In the United States, public auctions to satisfy judgments are usually conducted under the authority of the sheriff of the county or city in which the property to be auctioned was seized pursuant to the judgment, and an auction held for such a purpose is also called a sheriff's sale or sheriff sale.

Real property may be subject to a public auction in order to partition the property between joint tenants who can not agree as to how the property should be divided. An estate sale conducted at the direction of a probate court may also be conducted as a public auction.

== Countries ==

=== Ancient Roman Empire ===

In ancient Roman Empire, the maintenance of the public works such as aqueducts, roads, drains, etc. were let out by the censors by public auction to the lowest bidder, just as the vectigalia were let out to the highest bidder. These expenses were called ultrotributa, and hence we frequently find vectigalia and ultrotributa contrasted with one another.

=== United Kingdom ===
The Proceeds of Crime Act allows for a court to confiscate items that a criminal can't legally account for.

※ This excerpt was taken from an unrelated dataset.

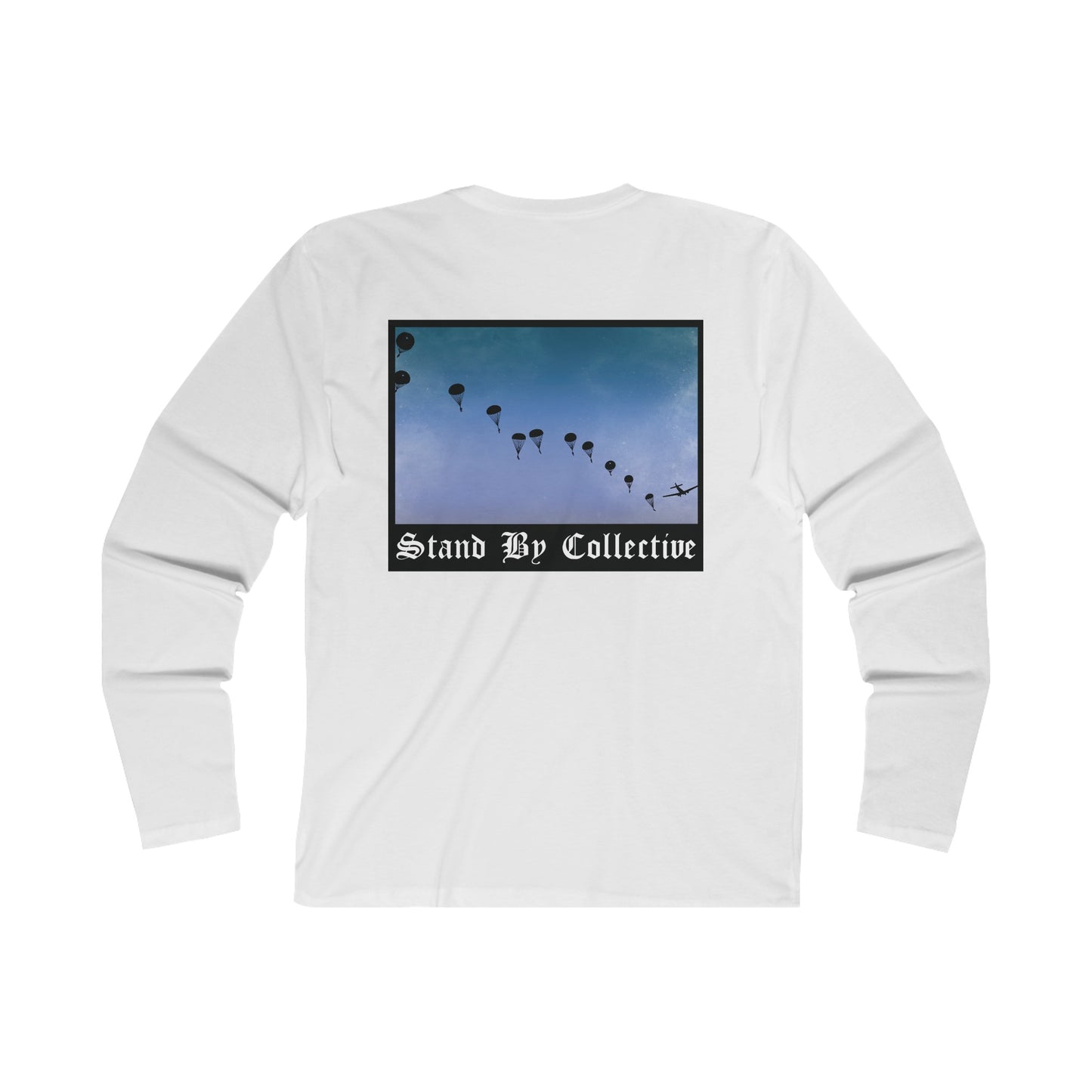 Silo Blue Airborne Long Sleeve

Government auctions are usually held by nominated auction houses all around the UK. They will instruct an auction house which will sell the items on their behalf.

There are many thousands of such court orders issued each year, and items that can't be returned to their legal owner are auctioned off at local auction houses all over the UK. Police auctions are an established route used by regional police forces across the country to dispose of proceeds of crime, lost and found, seized, and unclaimed stolen and confiscated property.

=== United States ===
Government auctions are often held onsite in the US, generally hosted by a professional auctioneer. A wide variety of merchandise is available from a number of websites both official and unofficial. The Internet provides services to various government agencies that allow them to sell surplus and confiscated items.

=== New Zealand ===
Government agencies sell goods via various contracted auctioneers and online on websites such as Trade Me.

=== Brazil ===

Brazil runs auctions to sell surplus electrical energy. Brazilian state also holds auction for contracts for solar and wind power.

=== Germany ===

Germany established the website zvg-portal.de to announce court auctions of real estate. There are over 120 real estates every day auctioned on court auctions by German authorities.

=== Azerbaijan ===

Azerbaijan started an e-auction platform eherrac.gov.az in 2020 in order to influence the property prices positively.